Records from a collection:

== Segment start ==

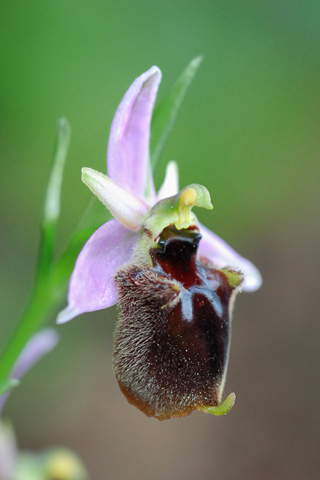 Ophrys panattensis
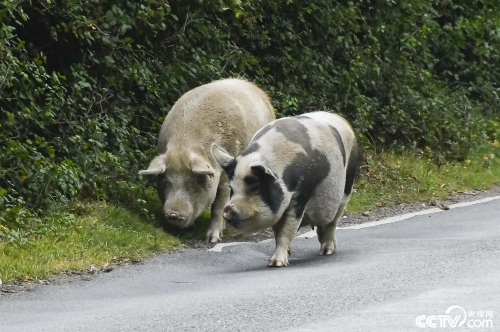 英國：森林公園放豬“排毒”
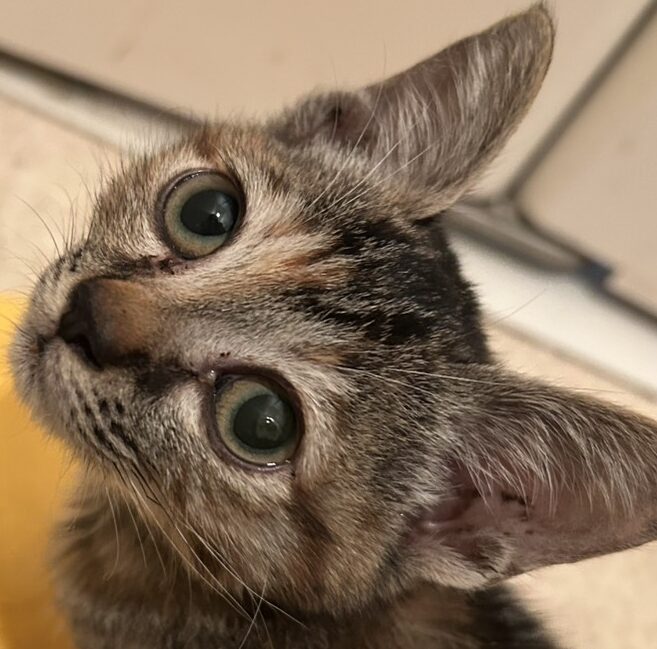 こころみたすペット思い出セレモニーにて葬儀したペットちゃん | くぅちゃん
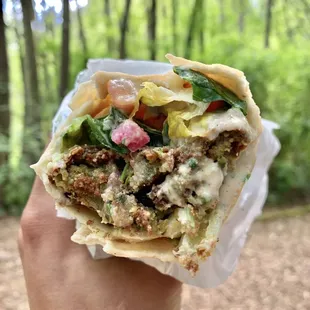 Falafel Sandwich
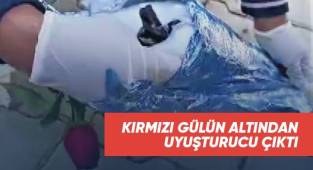 Kırmızı gülün altından uyuşturucu çıktı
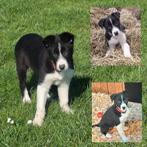 Lieve border collie pup, Dieren en Toebehoren, Honden | Herdershonden en Veedrijvers, Reu, 8 tot 15 weken, Collie, Eén hond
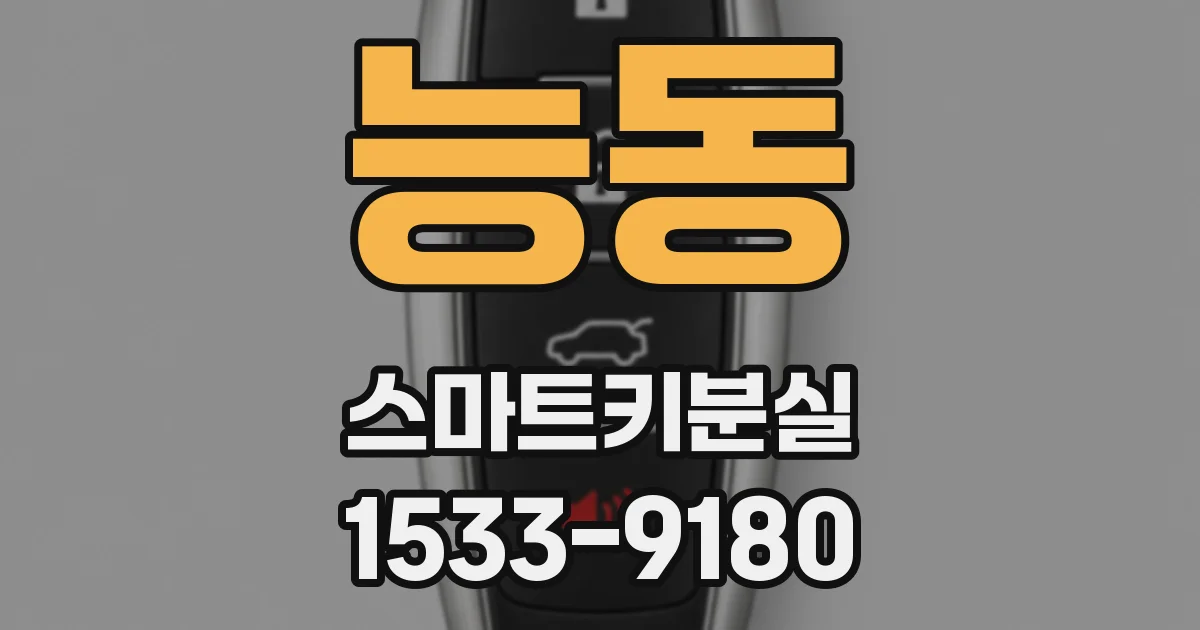 능동 스마트키분실
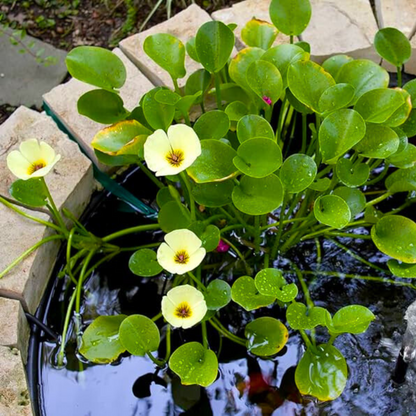 Water Poppy (Hydrocleys Nymphoides) Live Plant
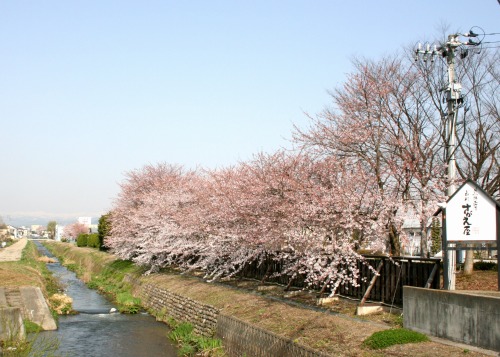 桜咲く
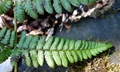 Dryopteris remota #B02.jpg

== Segment end ==

--- Work instruction ---
From the first line to the last, repeat the records exactly. Leave out the pictures.

--- Solution to the problem ---
 Ophrys panattensis
 英國：森林公園放豬“排毒”
 こころみたすペット思い出セレモニーにて葬儀したペットちゃん | くぅちゃん
 Falafel Sandwich
 Kırmızı gülün altından uyuşturucu çıktı
 Lieve border collie pup, Dieren en Toebehoren, Honden | Herdershonden en Veedrijvers, Reu, 8 tot 15 weken, Collie, Eén hond
 능동 스마트키분실
 Water Poppy (Hydrocleys Nymphoides) Live Plant
 桜咲く
 Dryopteris remota #B02.jpg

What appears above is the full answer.